SUPPLIED ENTRIES →

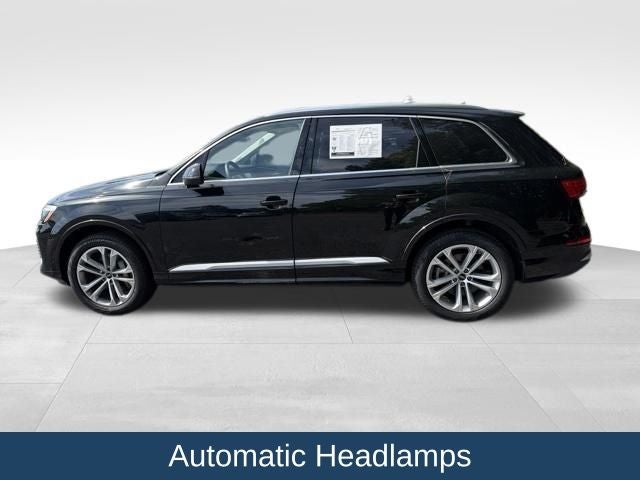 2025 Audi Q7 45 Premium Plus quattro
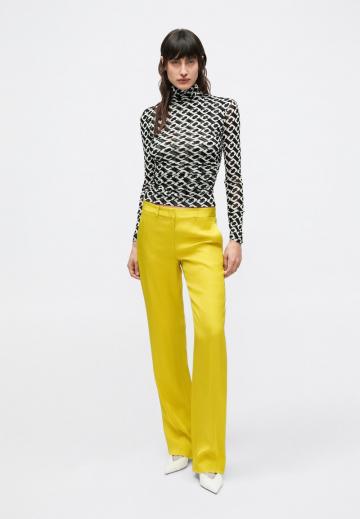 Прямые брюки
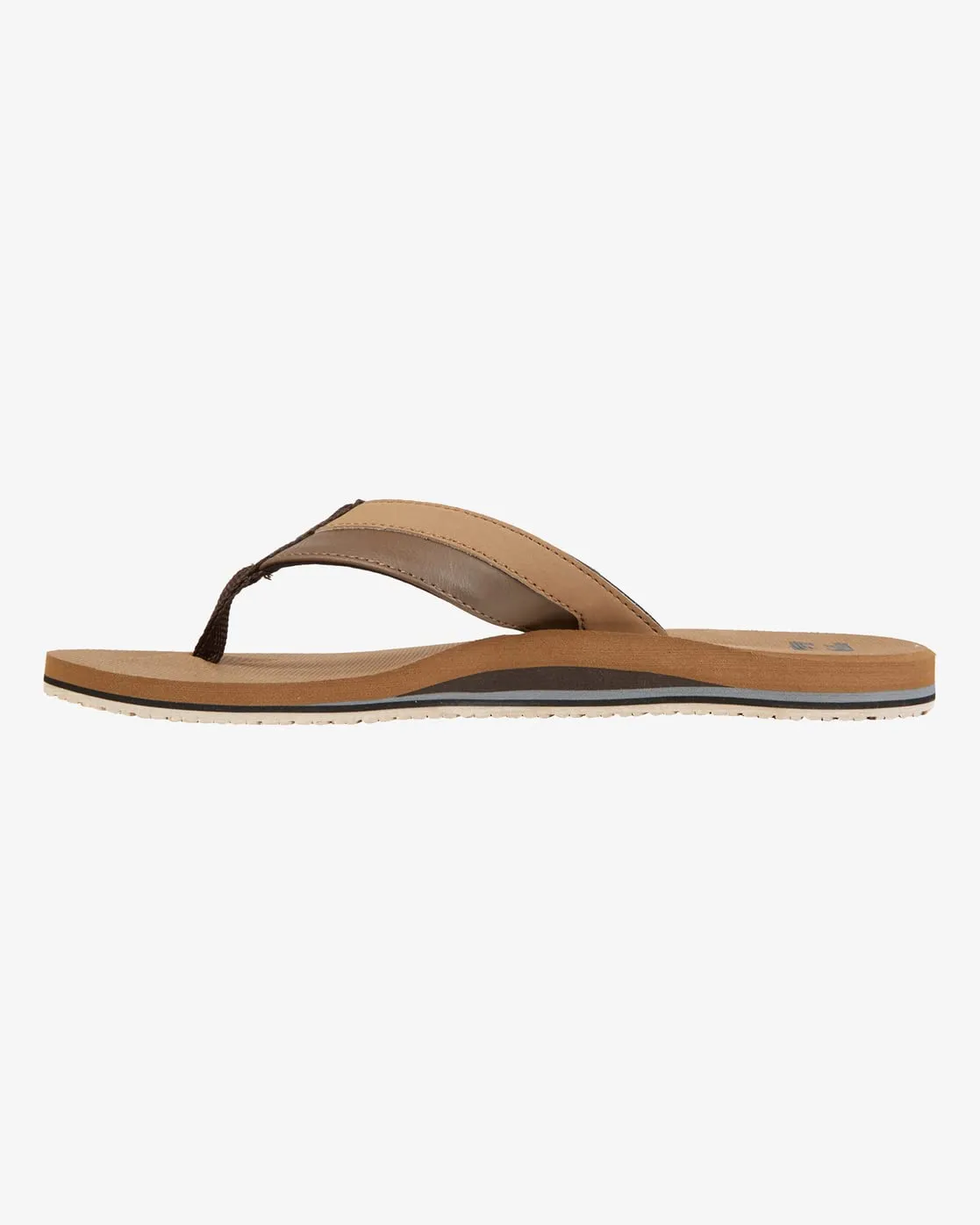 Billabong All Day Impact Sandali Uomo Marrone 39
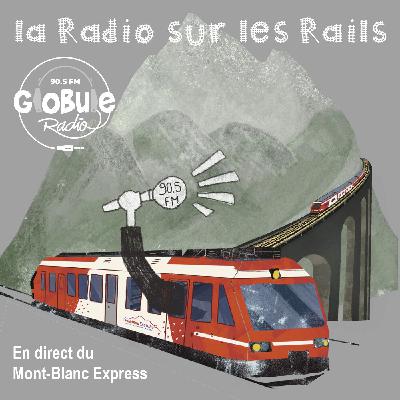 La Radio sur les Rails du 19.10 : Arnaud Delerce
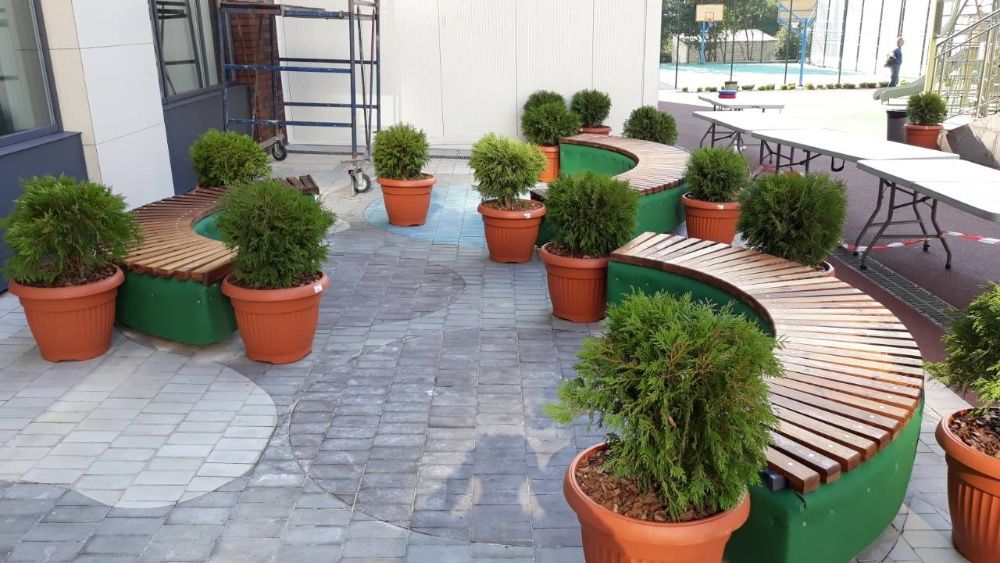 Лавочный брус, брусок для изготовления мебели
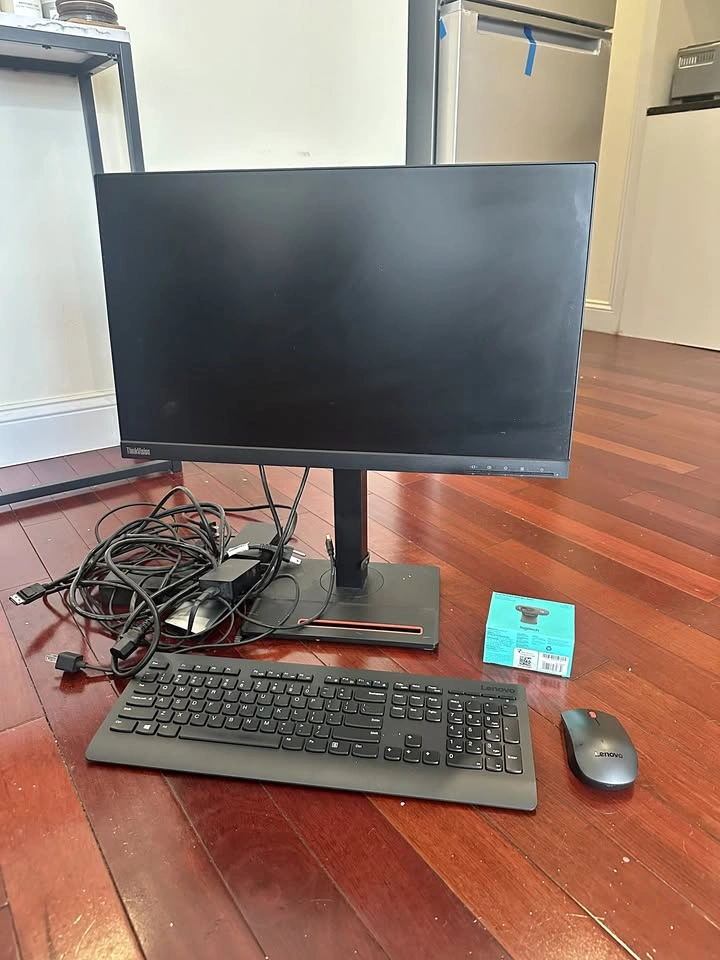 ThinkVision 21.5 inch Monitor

...

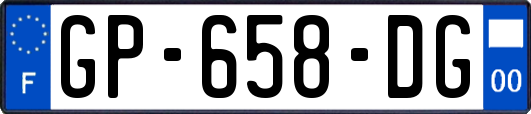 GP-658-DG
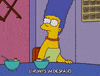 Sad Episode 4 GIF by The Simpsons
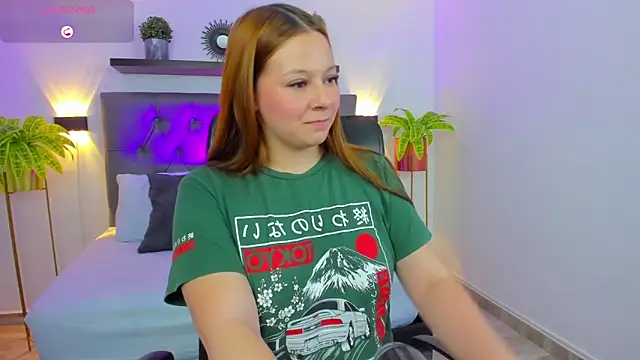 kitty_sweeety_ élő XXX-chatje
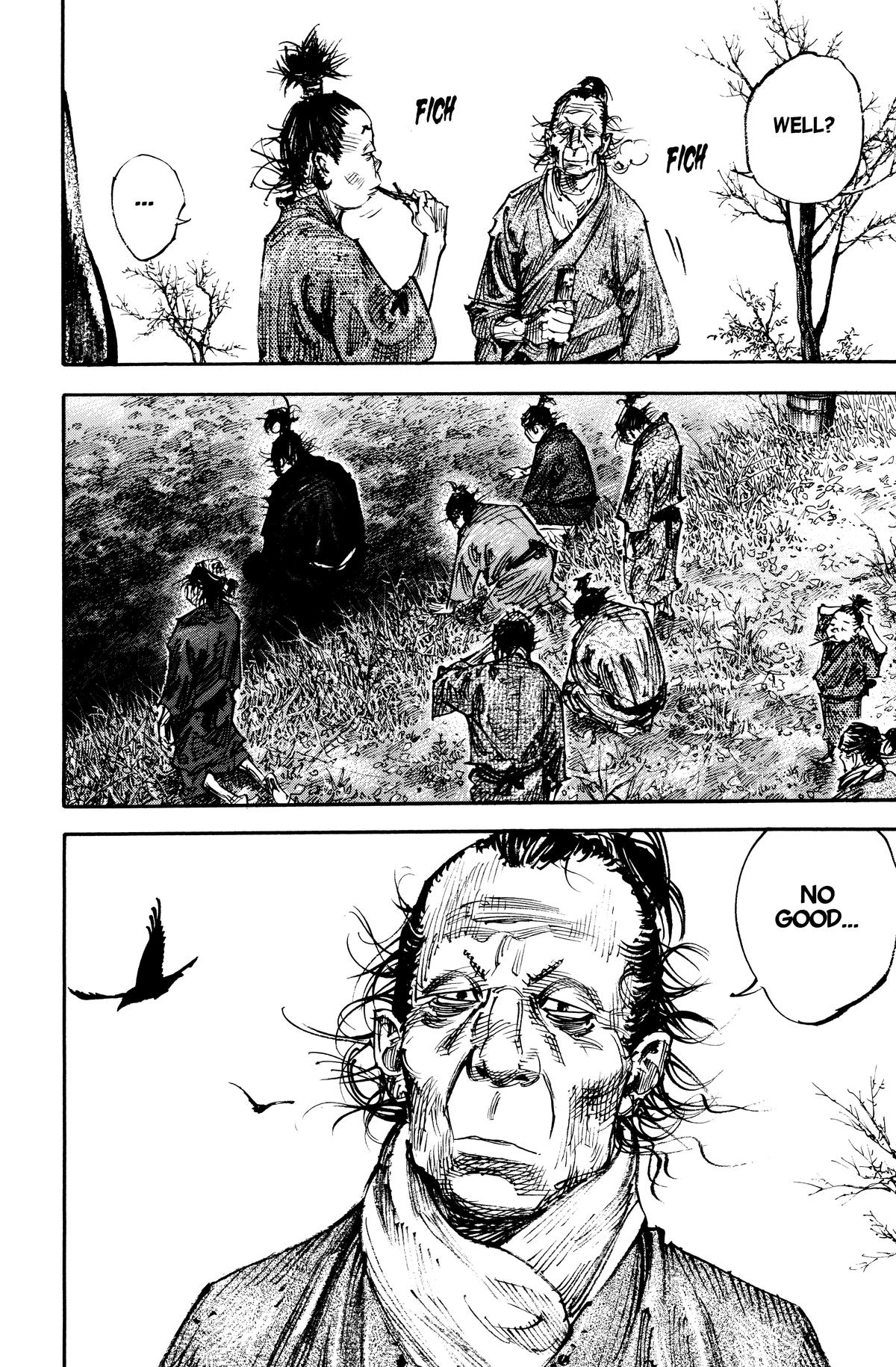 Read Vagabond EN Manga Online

PROMPT → Starting at the line above with "Прямые брюки", output every line exactly up to and including the line with "ThinkVision 21.5 inch Monitor", but none of the pictures.

ANSWER BELOW →
 Прямые брюки
 Billabong All Day Impact Sandali Uomo Marrone 39
 La Radio sur les Rails du 19.10 : Arnaud Delerce
 Лавочный брус, брусок для изготовления мебели
 ThinkVision 21.5 inch Monitor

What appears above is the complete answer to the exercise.